Foi com uma certa nostalgia instalada no canto do olho que vi ontem o programa comemorativo dos 50 anos da RTP. Adoro ter a idade que tenho porque só na década dos trinta, atingi a maturidade necessária para gostar de mim e estar em harmonia com o mundo. Contudo, não é segredo para ninguém que sou uma saudosista incurável e que adoro recordar momentos da infância e da adolescência. Portanto, o programa de ontem foi a minha cara!
Adorei rever o Engº Sousa Veloso, porque sim vi muitas vezes o Boletim Agrário. Vi com emoção os corpos (imagens actuais e antigas) daquelas vozes que fazem parte de muito da cultura que aprendi com documentários como a Ana Zanati e o Eládio Clímaco. Foi giro ver algumas misses Portugal mais idosas. Adorei ouvir a medley com os genéricos dos desenhos animados que vi e revi como a heidi e a abelha maia. Fiquei toda melosa quando ouvi as canções que davam todos os dias para as crianças irem dormir, com especial preferência pelas do Vitinho. Fartei-me de rir a ver as publicidade da laca, da pasta medicinal couto e do restaurador olex. Cantei todos os jingles publicitários da bic laranja bic cristal, mokambo e outras que tais. Também cantarolei todas as canções do Festival da Canção e recordei com saudade o Carlos Paião. E acima de tudo, fiquei quase a chorar quando vi a Rosa Mota e o Carlos Lopes a cortar a meta e dar-nos a medalha de ouro nos Jogos Olímpicos; assim como a presença dos nossos paraolímpicos. Não há dúvida que o futebol é lindo mas foi sempre o Atletismo que me deu as maiores alegrias por Portugal!

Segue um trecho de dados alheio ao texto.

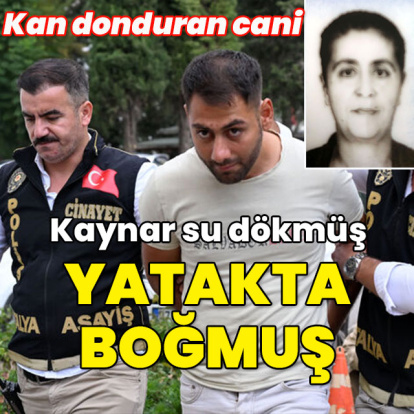 Kan donduran cani! Önce kaynar su dökmüş sonra boğmuş!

E quando, finalmente, julgava que já tinha visto tudo o que havia para ver, o João Baião foi entrevistar pessoas da rua sobre a RTP e não é que uma das que falou foi a minha mãe!!! Querem melhor? Alguém sabe se o programa vai repetir? É que este eu vou mesmo gravar! Alguém sabe como posso gravar em formato digital?
O meu filhote perguntou-me: – Daqui a 50 anos, quando a RTP fizer 100 anos, achas que és viva? – Não sei. – respondi-lhe. Esperemos que sim, mas com saúde. E é o que desejo a todos nós, que daqui a 50 anos, havendo ou não televisão generalista, sejamos todos uns velhinhos amorosos, ajuizados e saudáveis… com muita nostalgia instalada no canto do olho…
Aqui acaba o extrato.